Early Life and Education

Doze Green was born in New York City in 1964. Growing up in the '70s, his art was inspired by newspaper cartoons like Shoe, Saturday morning cartoons on TV  and Superhero comics. He began to create his own characters when he was about seven years old. By the time he was twelve he was able to draw sophisticated characters in complete artistic settings. His family encouraged not only his artistic endeavors but also his songwriting.


He attended the High School of Art and Design in New York. The school encouraged artistic expression and even graffiti, which Green did in and around the city. One of his mentors was Donald Joseph White, who signed his graffiti art as DONDI. Green credits DONDI with helping him to create a cleaner, more careful and more sophisticated style than he had been doing before they met.

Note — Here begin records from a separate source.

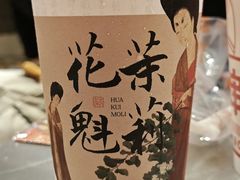 -壶见(苏宁广场B区店)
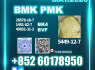 New B. MK 5449 - 12 - 7 Supporting Large Orders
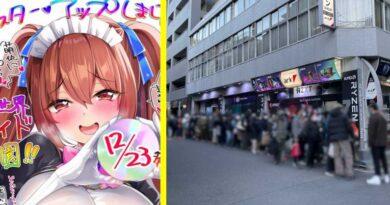 Otakus line up to buy Game about Busty Girls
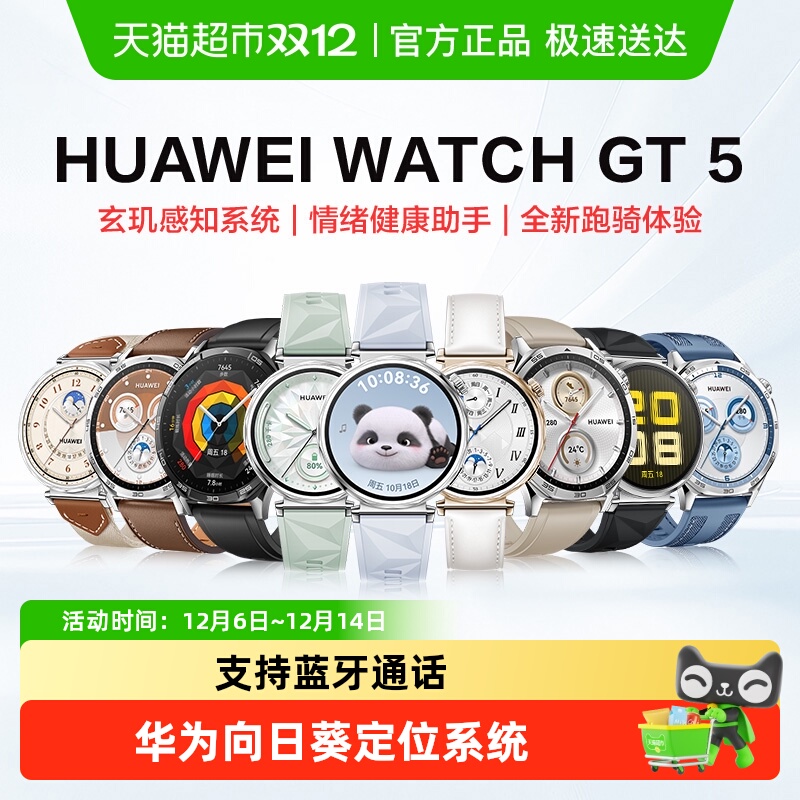 华为手表GT5智能运动手表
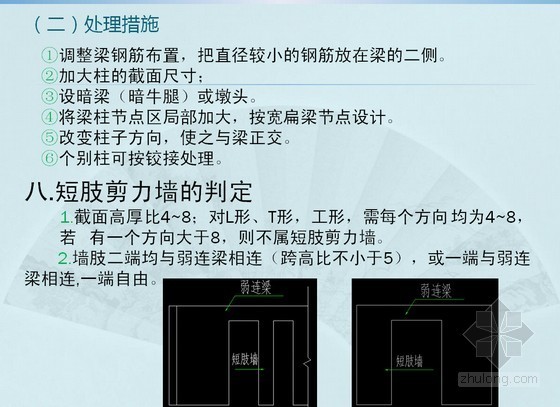 建筑结构施工图设计常见问题解析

Green's cousins, who lived in the Bronx, introduced him to  Hip-Hop culture and breaking dancing. He became a member of one of the earliest break dancing groups: the Rock Steady Crew. The group watched a lot of Bruce Lee and Kung Fu movies and emulated the characters and the movements. Green said he adopted a 'gangsta’ persona in both his music and his art.



Doze Green traveled the world with the Rock Steady Crew. He continued to draw and paint and his work was part of a group show in 1984 at the Castelli Gallery in New York. At about the same time, the Rock Steady Crew split up and Green found it increasingly difficult to survive in New York.


He moved to San Diego, where he found work making designs for skate board and surf gear. He lived in San Francisco from 1992 to 1999, a time when he began painting on canvas and selling his work at small galleries and cafes in the SOMA district. His career took off and his exhibits were often sold out.


Green moved to Los Angeles, where he continued to paint and design album covers. He became increasingly interested in metaphysics. "When I delineate it down to its very last compound," he said about his art,  "I just see numbers, I see figures, and I see waves; I see forms as sacred geometry in kind of like a cosmic dance."


Doze Green’s work can be found in public and private collections throughout the United States, Japan, Europe, and Australia. His works have been published in BlackBook, Anthem, Juxtapoz, Tokion, and­­ Vibe and featured on CNN.